Je voudrais vous la présenter un peu, retracer brièvement son parcours , qui est un long parcours de presque 96 ans .
Une relation qui sera , bien entendu , très subjective ….
De plus , toute sa jeunesse , sa vie de très jeune- femme , je ne la connais que par les récits qu’ elle nous en a fait , par les nombreuses photos, mais je m’ appuie , également , sur les témoignages de ses amis d’ enfance du patronage des Charpennes à Villeurbanne , comme Augustine , l’ abbé Gadriot , ses amis de la Drôme…que j’ ai connus dans ma jeunesse ..
De ses anciennes guides,aussi,qui avaient gardé un si vivant souvenir de leur « Cheftaine Yette » , du cousin Marcel de mon père , qui avait créé le GSL , qui est devenu par la suite le Club Alpin Français, qui nous parlait de la belle descendeuse qui aimait aussi tant le saut à ski .Les souvenirs également de son neveu , mon cousin Maurice ,ils n’ont que 13 ans de différence ; qui a toujours été si proche de sa « jeune tante Yette , si élégante »
Maman est donc née en juillet 1912, 4°enfant de la famille et la 1° fille , c’ est dire qu’ elle a été adorée de ses parents , particulièrement de sa chère maman , qu’ elle a tant appelé , du reste, tout au long de ces 5 dernières semaines et également de ses frères . Elle gardera de ces premières années un souvenir de grande liberté .

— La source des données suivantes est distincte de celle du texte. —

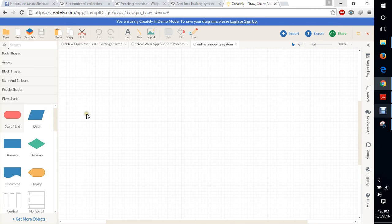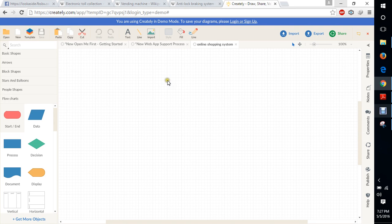Hi, I am Rubu. I am doing this video with my partner Pankaj. This is a sample video of an Online Shopping System Control Flow Diagram, using an online control flow diagram tool.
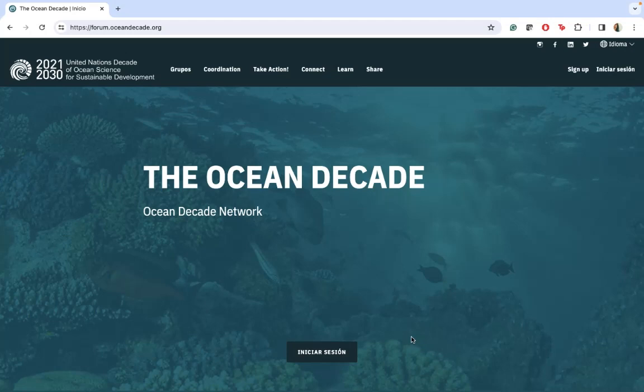Welcome! Today we would like to invite you to be part of the Ocean Decade Network, and I am here to show you how easy it is to be part of this group.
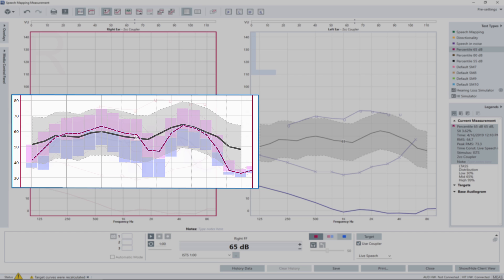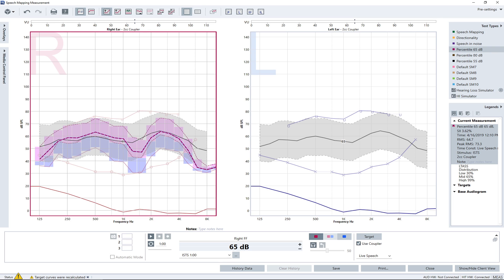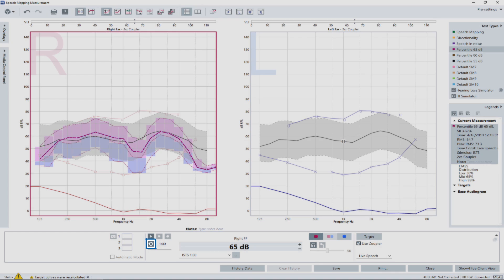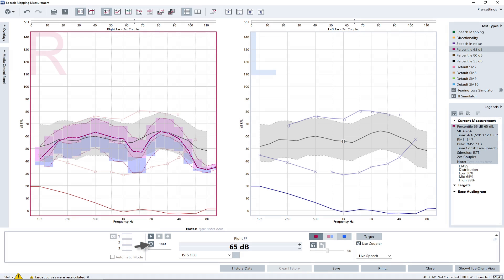Use the manufacturer's fitting application to adjust the hearing instrument output level represented by the dashed LTAS curve to match the target. To see the changes applied in the hearing aid settings more instantly in the measured curve, activate the loop function located below the play button. This allows the measurement to run continuously, taking an average every five seconds to react quickly to changes.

Mais 1914 est bientôt là , 4 années sans père à la maison , sur le front de l’ est pendant toute la guerre …..elle ne le reconnaissait plus quand il revenait en permission…..

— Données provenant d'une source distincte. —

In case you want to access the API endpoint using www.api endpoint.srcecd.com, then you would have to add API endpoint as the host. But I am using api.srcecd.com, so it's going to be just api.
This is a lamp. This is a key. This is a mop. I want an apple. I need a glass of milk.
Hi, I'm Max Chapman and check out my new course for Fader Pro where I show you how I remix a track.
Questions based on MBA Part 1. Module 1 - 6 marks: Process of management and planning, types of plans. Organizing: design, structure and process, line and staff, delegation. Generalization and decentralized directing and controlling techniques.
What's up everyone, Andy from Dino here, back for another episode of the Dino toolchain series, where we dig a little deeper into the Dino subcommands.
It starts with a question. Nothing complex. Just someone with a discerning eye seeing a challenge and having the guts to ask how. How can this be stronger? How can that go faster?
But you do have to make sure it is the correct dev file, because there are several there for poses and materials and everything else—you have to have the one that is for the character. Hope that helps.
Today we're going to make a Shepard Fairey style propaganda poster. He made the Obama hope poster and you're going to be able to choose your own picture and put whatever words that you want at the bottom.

1925 , elle a 13 ans ; chômage des hommes de la famille ; elle est obligée de quitter l’ école pour travailler dans une filature, la seule paie qui rentrera dans la famille ; c’ est un déchirement …elle adore étudier ….

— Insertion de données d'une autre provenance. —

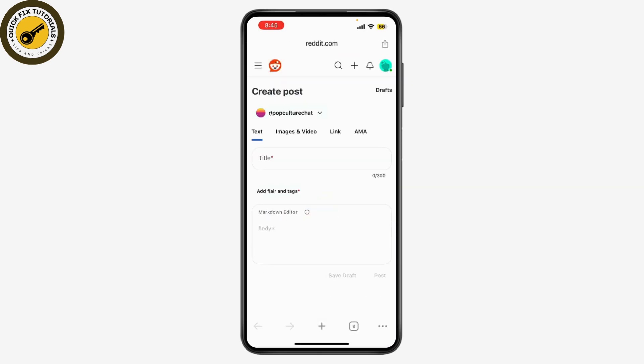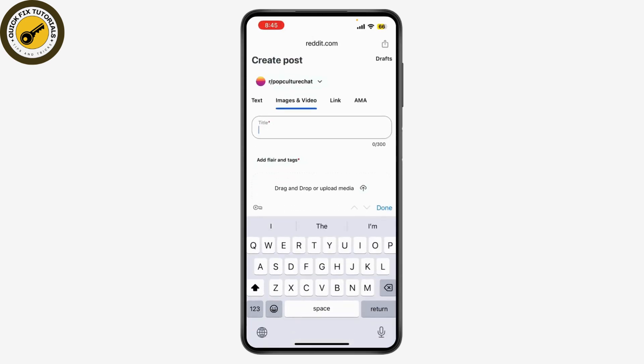Now you'll need to upload your video file — click or tap on 'Choose File.' You can drag and drop or upload the media. After uploading your video, you can add a title and any additional details in the description box. This is where you can explain what your video is about or provide context.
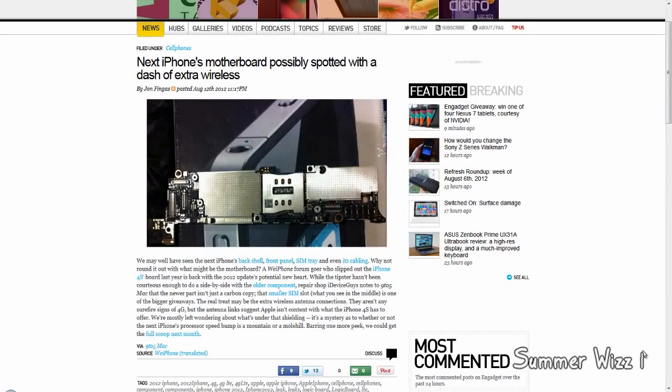Hey guys, so some great news is coming out. Basically, the guy who leaked the iPhone 4S's motherboard last year has come out again and leaked the iPhone 5's motherboard. I think this is really great, but he didn't really do a side-by-side comparison, so you really can't tell too much.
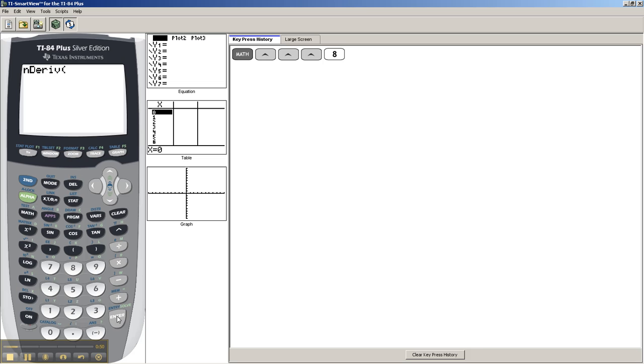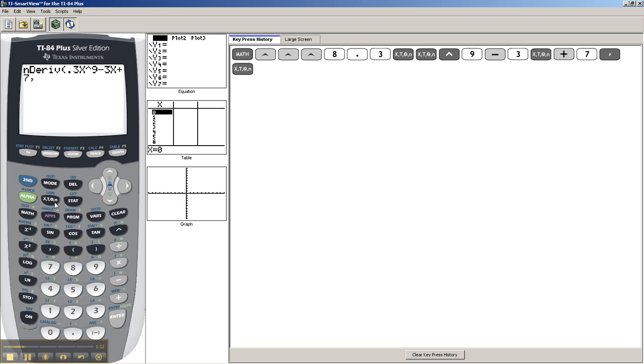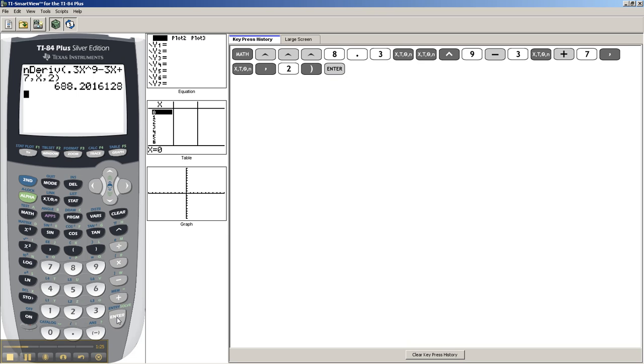So you go math 8. Then you enter in the function. So let's say 0.3x to 9, minus 3x plus 7. Just like in the definite integrals, comma, with respect to x. Then instead of 2, the limits of integration, you just say evaluate it at 2, close parentheses, equals 688.2016128.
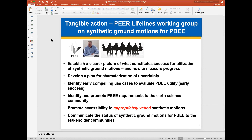Number one, one potential tangible action going forward would be the creation of a synthetic ground motion working group for performance-based earthquake engineering. This seems like something that the PEER lifelines program might have interest in. Number one is to establish a clear picture of what constitutes success for utilization of synthetic ground motions, and how do we measure progress towards that goal.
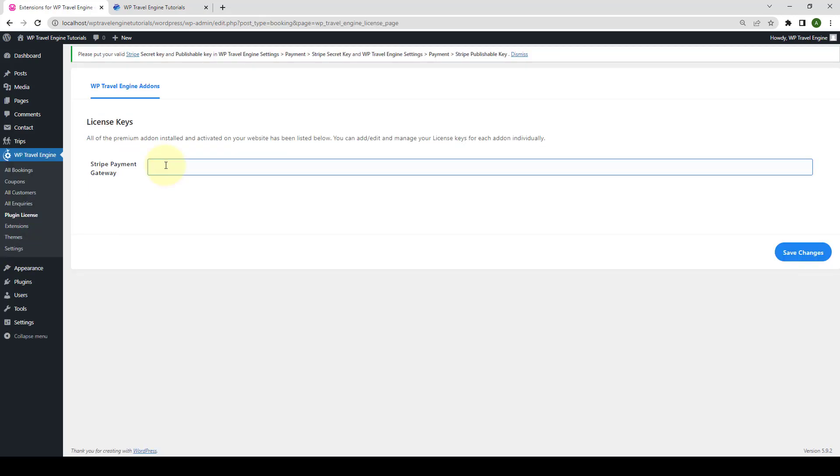Here, you have to enter the license key that you received during the download of the add-on. Your license key looks something like this. Click on Save Changes.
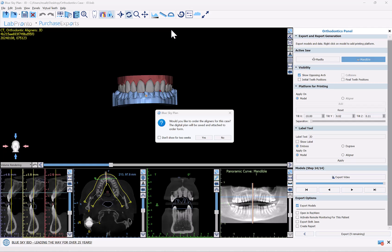Now we're at the export phase where we can export the models for aligner manufacturing. A dialog box comes up automatically asking if you would like to order the aligners for this case. If you would like to have the aligners manufactured for you, you can simply click yes — a form comes up directly on screen, the relevant files will be automatically attached and sent with your order to manufacture the Pronto Aligners.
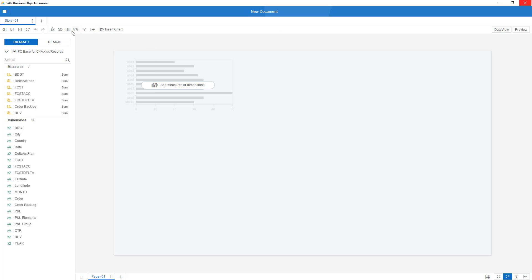And on top, you can see that I can, as usual, append more data sets. I can merge various data sets, but I can also, as you can see on the right-hand side, link or blend data sets, if you want to combine data of different grains.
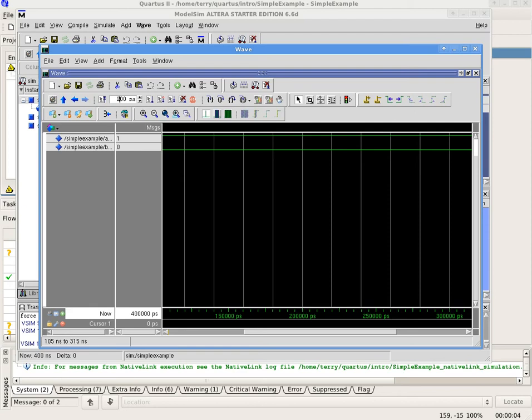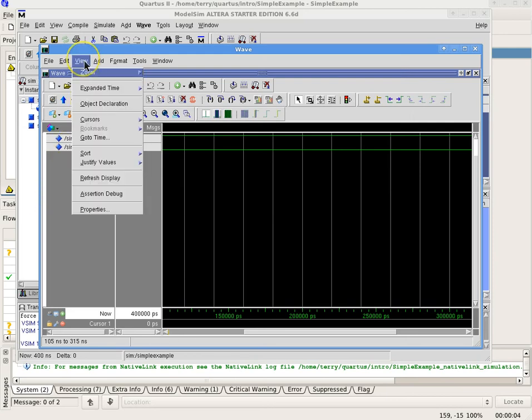The output can be zoomed. To zoom back out to see the original, you can go to View, Zoom, Zoom Full.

Elle apprend toute seule la sténo , l’ anglais en cours du soir et devient vers 15 ans sténo- dactylo , puis assistante de direction , métier qui la passionnera .
Modernité, curiosité d’ esprit, enthousiasme sont ses caractéristiques ; elle fait partie du patronage des Charpennes à Villeurbanne ; elle y pratique l’ amitié, le théatre , le chant , la danse ….
Et puis , 1932, la mort de ses 2 parents , elle a 20 ans .
Elle découvre le Scoutisme féminin catholique qui débute à Lyon sous l’ égide de MGR LAVARENNE, qui sera , du reste, l’ aumônier de sa compagnie , la 3° .Guide- aînée, puis cheftaine de guides .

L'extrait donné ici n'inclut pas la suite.